DPS. Design Project Studio
Climatic Matter
Thesis Advisors: Lluís Viu Rebés and Jordi Pagés
Rather than to frame architecture as an energetic or a geometric issue Climatic Matter Thesis studio aims at problematizing architecture’s physical materiality. Within the depths of matter and its internal consistency, within the realm of pure organization devoid of cultural interferences, metaphors and meanings, where beauty is not taken into account, that one can focus on strategies to develop novel proposals for architecture. The focus of the studio is to abandon the glitz of the surface, to abandon the visible and its panoply of image simulators in order to overturn the experiment into an operative and performative act: developing, testing and building non-gravitational Climatic Matter.

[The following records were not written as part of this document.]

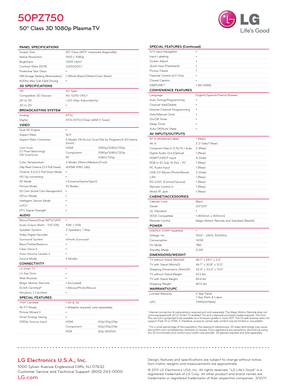 Page 2LG Electronics U.S.A., Inc.
1000 Sylvan Avenue Englewood Cliffs, NJ 07632
Customer Service and Technical Support: (800) 243-0000 
LG.com
50PZ750
 50" Class 3D 1080p Plasma TV
PANEL SPECIFICATIONSScreen Size50" Class (49.9" measured diagonallly)
Native Resolution 1920 x 1080p
Brightness 1,500 cd/m
2
Contrast Ratio (DCR)3,000,000:1
Protective Skin Glass •
ISM (Image Sticking Minimization) • (White Wash/Orbiter/Color Wash)
600Hz Max Sub Field Driving •
3D SPECIFICATIONS3DSG Type
Compatible 3D...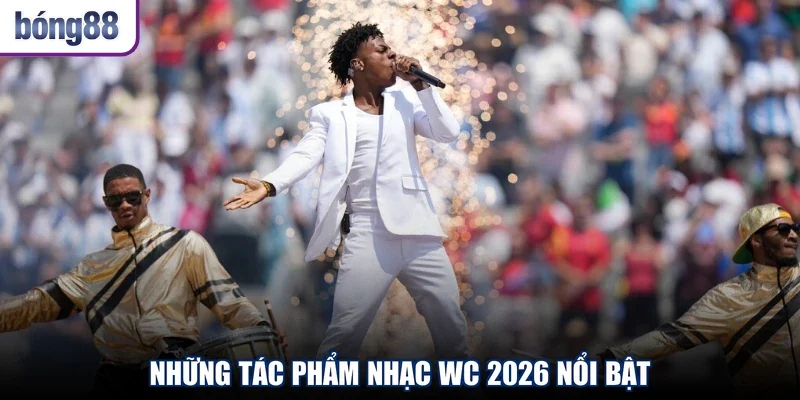 Những tác phẩm nhạc WC 2026 nổi bật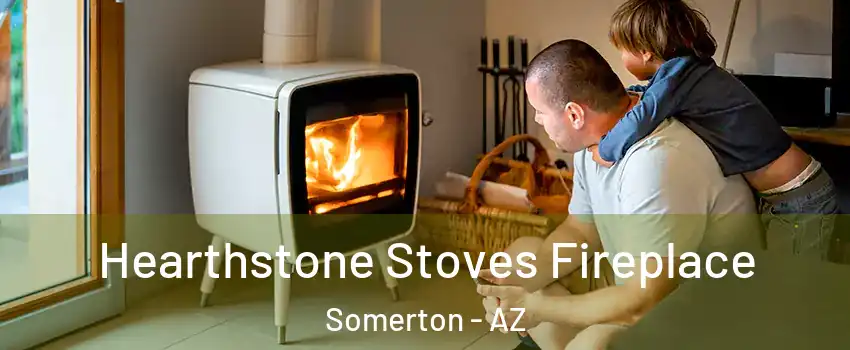  Hearthstone Stoves Fireplace Somerton - AZ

Over the years of teaching at IaaC, Climatic Matter studio faculty have developed a speculative and opportunistic agenda that embraces architecture´s contemporary paradigms – sustainability and object oriented programing – and synthesized them into an operative method that purposely avoids metaphors. The studio aims at implementing systematic and methodological processes that imbricate the ecological and the digital, a consistent palimpsest of environmental and parametric design processes tested under non gravitational conditions (underwater) for the purpose of eliminating our research form the ultimate architectural metaphor of all: the gravitational determination of site. Through suspending dynamic and unstable material aggregates, under a fluid and viscous milieu, we aim at building algorithms that will ultimately surface as Climatic Matter. The agenda of the studio is pure process. The language is geometry. The context is underwater. Abstraction is the instrument have been favored to achieve, develop and materially build prototypes of non-gravitational Climatic Matter .
Final Submission of the Individual Thesis will be composed of a written and illustrated portfolio, scientific paper, as well as substantial models and prototypes that are shown in a final exhibition designed and set up by the students.